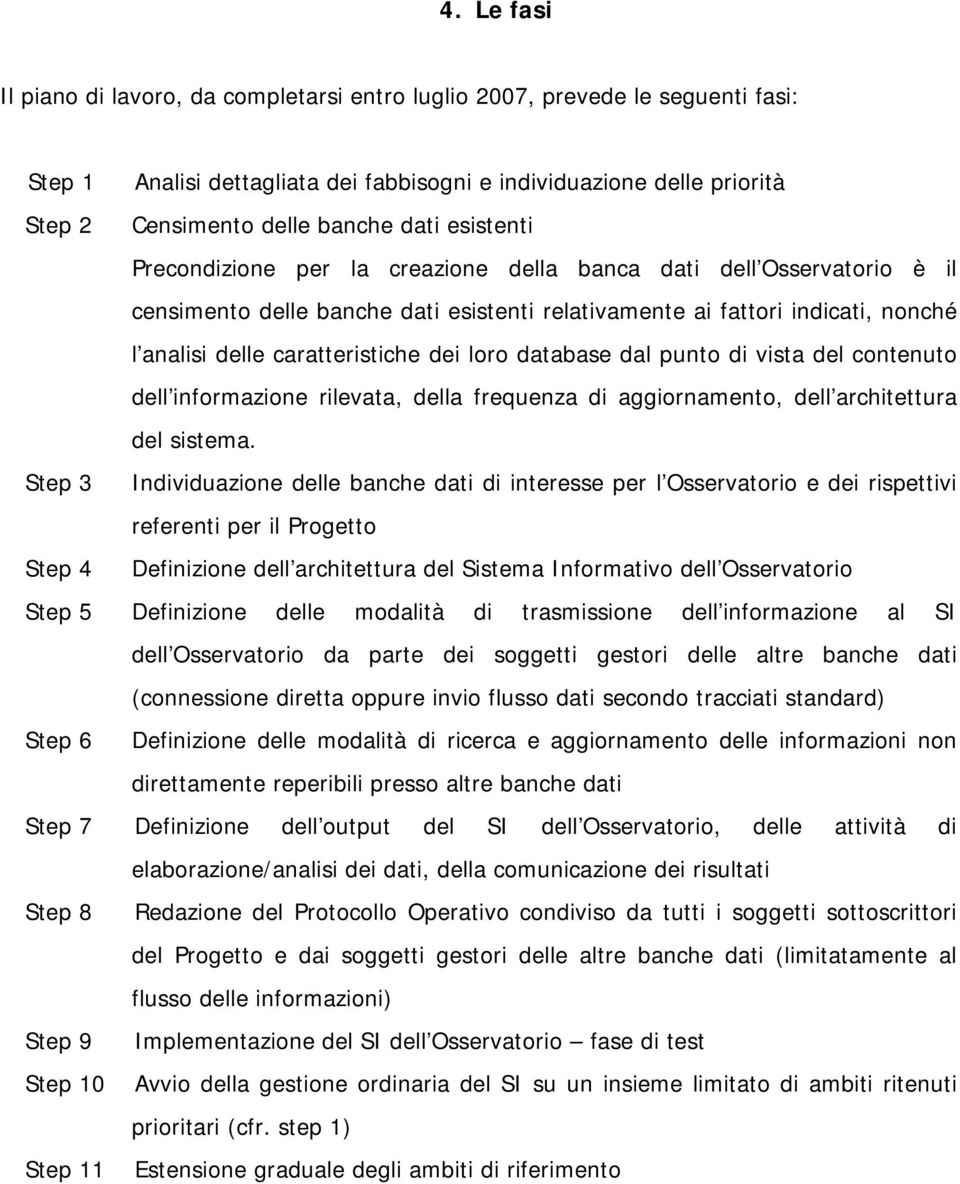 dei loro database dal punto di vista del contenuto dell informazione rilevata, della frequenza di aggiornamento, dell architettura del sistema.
---
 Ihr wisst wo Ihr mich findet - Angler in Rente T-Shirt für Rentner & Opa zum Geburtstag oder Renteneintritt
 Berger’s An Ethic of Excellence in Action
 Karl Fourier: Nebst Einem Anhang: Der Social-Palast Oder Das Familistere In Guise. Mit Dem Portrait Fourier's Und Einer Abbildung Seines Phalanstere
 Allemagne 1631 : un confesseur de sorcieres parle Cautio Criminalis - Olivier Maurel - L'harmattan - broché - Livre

## Problem description
Above are the records; from them, give again exactly the lines from the one containing "Berger’s An Ethic of Excellence in Action" to the one containing "Karl Fourier: Nebst", both lines included, and nothing more.

## Result
 Berger’s An Ethic of Excellence in Action
 Karl Fourier: Nebst Einem Anhang: Der Social-Palast Oder Das Familistere In Guise. Mit Dem Portrait Fourier's Und Einer Abbildung Seines Phalanstere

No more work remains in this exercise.